*** Source records ***

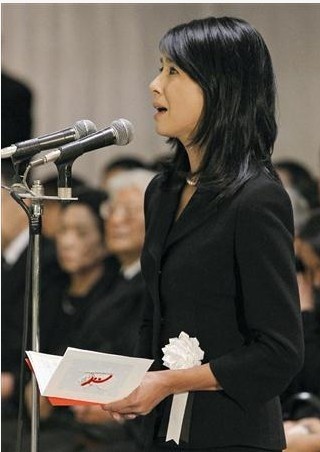 已故导演森田芳光告别式北川景子素颜失态痛哭 日韩 其他 电影网 1905 Com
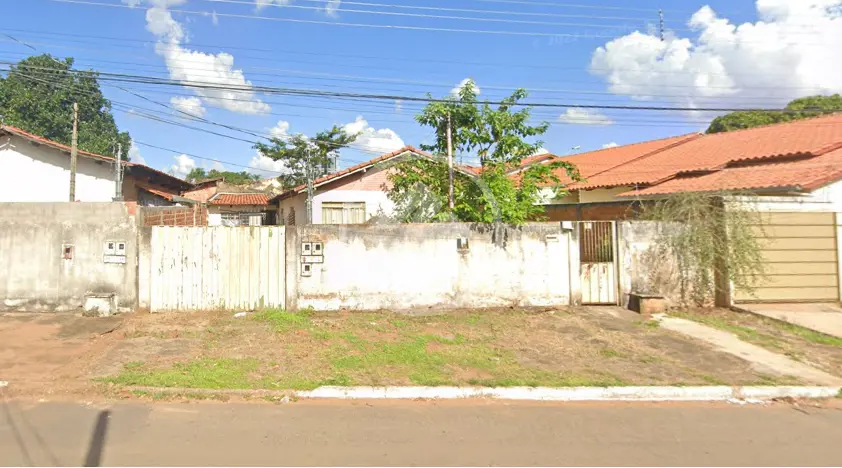 ÁREA GRANDE COM EXCELENTE LOCALIZAÇÃO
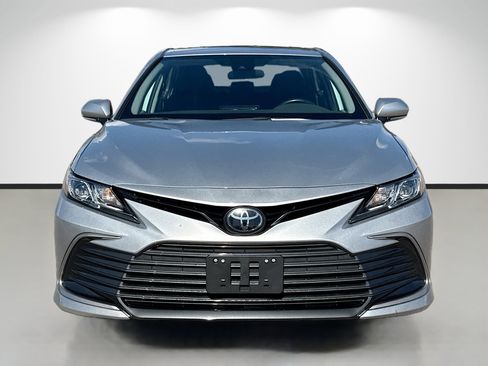 Used 2023 Toyota Camry LE w/ Cold Weather Package image 8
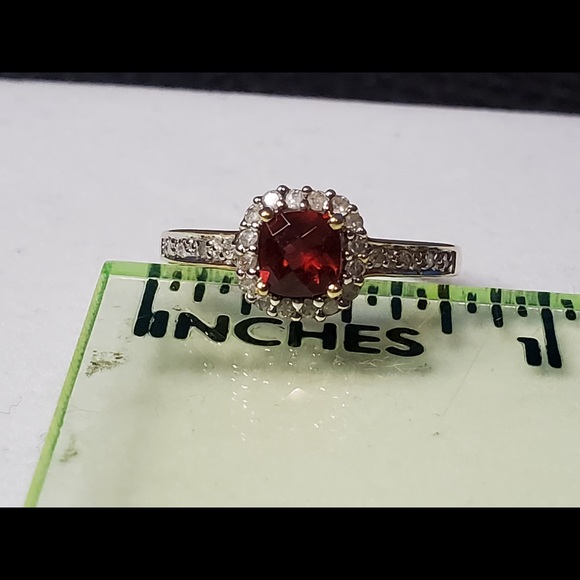 10K Yellow Gold Ring with Garnet & Diamonds Size 7 - Picture 13 of 16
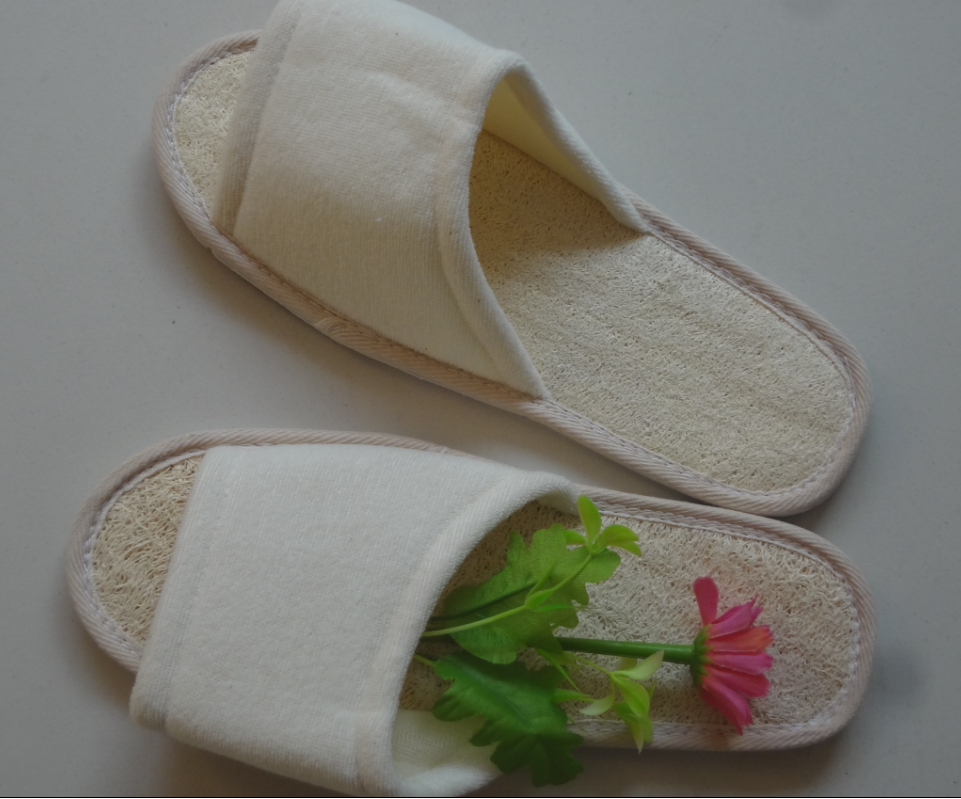 Natural 100%  Loofah Spa Massage Slippers  Loofah spa guest slippers for hotel/ spa/ resort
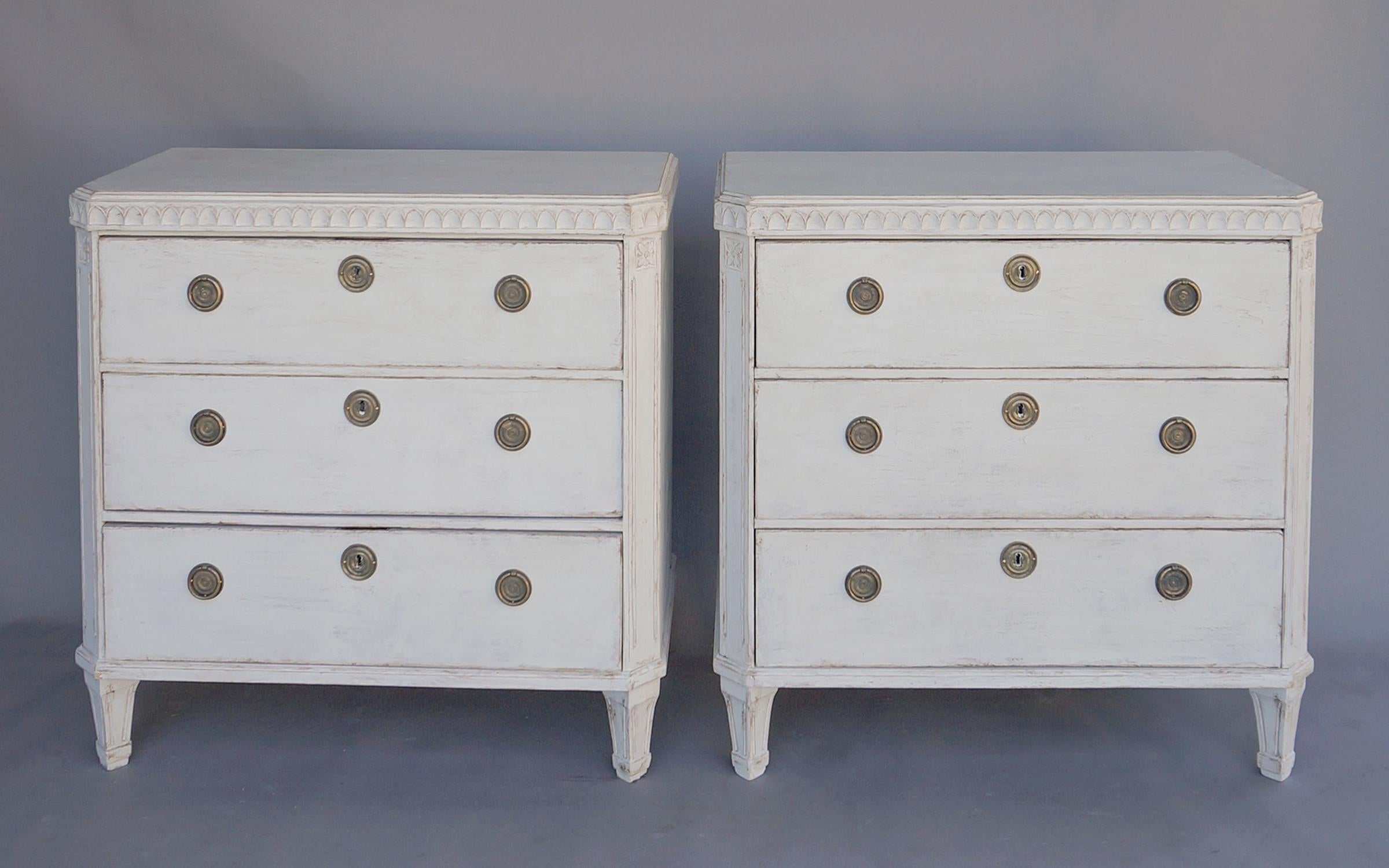 Gustavian Pair of Swedish Commodes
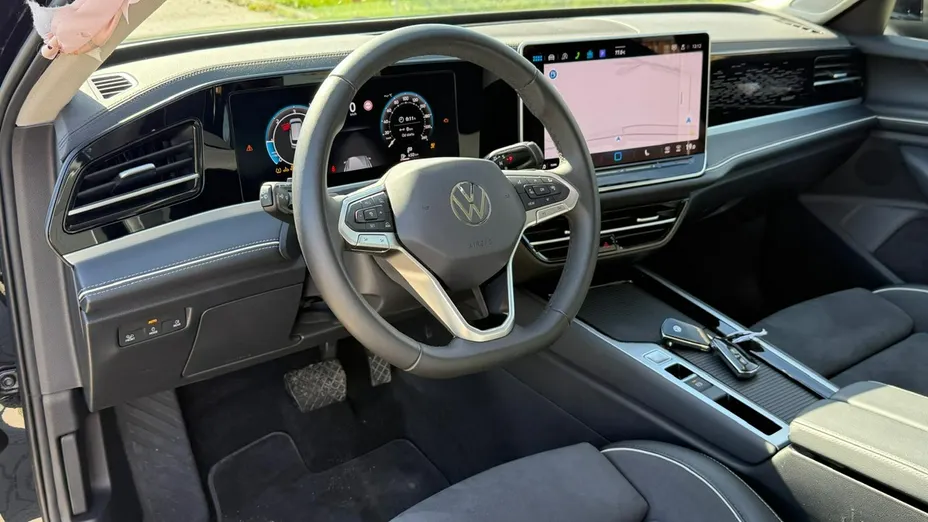 VOLKSWAGEN Passat -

*** End of Source records ***

Task: Emit an exact copy of the lines from the line bearing "Used 2023 Toyota" through the last line above, inclusive, and leave the images out.

Response to the exercise:
 Used 2023 Toyota Camry LE w/ Cold Weather Package image 8
 10K Yellow Gold Ring with Garnet & Diamonds Size 7 - Picture 13 of 16
 Natural 100%  Loofah Spa Massage Slippers  Loofah spa guest slippers for hotel/ spa/ resort
 Gustavian Pair of Swedish Commodes
 VOLKSWAGEN Passat -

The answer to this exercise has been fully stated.